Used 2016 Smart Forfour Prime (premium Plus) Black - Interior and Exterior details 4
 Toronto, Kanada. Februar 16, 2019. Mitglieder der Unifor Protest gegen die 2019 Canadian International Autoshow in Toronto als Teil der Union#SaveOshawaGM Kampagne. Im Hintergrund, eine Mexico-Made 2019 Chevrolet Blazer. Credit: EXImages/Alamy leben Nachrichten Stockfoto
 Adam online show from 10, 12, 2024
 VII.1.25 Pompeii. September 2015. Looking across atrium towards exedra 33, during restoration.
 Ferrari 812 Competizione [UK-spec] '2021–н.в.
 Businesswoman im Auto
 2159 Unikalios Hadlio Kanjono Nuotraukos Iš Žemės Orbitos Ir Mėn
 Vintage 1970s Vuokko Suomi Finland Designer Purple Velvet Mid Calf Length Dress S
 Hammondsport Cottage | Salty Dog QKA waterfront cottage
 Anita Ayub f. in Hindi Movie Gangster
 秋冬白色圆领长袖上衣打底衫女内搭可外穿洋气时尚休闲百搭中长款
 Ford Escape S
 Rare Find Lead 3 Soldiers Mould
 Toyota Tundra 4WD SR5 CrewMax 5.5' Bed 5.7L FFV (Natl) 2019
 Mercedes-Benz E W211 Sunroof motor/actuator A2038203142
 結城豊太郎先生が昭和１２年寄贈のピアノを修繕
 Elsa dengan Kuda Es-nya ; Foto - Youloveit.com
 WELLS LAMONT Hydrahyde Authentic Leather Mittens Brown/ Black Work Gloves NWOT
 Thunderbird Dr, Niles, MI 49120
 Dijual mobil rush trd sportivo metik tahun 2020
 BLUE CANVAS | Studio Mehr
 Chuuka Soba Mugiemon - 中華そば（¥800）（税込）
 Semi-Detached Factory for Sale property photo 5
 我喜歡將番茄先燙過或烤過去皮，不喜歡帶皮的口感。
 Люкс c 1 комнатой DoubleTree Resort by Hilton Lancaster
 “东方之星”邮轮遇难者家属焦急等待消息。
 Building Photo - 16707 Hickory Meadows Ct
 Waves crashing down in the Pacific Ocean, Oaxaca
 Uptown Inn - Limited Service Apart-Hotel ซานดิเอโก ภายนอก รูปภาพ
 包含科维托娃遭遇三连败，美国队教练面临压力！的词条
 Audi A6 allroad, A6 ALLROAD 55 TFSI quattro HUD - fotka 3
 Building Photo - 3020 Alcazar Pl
:::::
→ **PROBLEM DETAILS**: Using the records above, copy exactly the lines from the one containing "我喜歡將番茄先燙過或烤過去皮，不喜歡帶皮的口感。" through the last, inclusive, and nothing else.

→ **RESPONSE AREA**:
 我喜歡將番茄先燙過或烤過去皮，不喜歡帶皮的口感。
 Люкс c 1 комнатой DoubleTree Resort by Hilton Lancaster
 “东方之星”邮轮遇难者家属焦急等待消息。
 Building Photo - 16707 Hickory Meadows Ct
 Waves crashing down in the Pacific Ocean, Oaxaca
 Uptown Inn - Limited Service Apart-Hotel ซานดิเอโก ภายนอก รูปภาพ
 包含科维托娃遭遇三连败，美国队教练面临压力！的词条
 Audi A6 allroad, A6 ALLROAD 55 TFSI quattro HUD - fotka 3
 Building Photo - 3020 Alcazar Pl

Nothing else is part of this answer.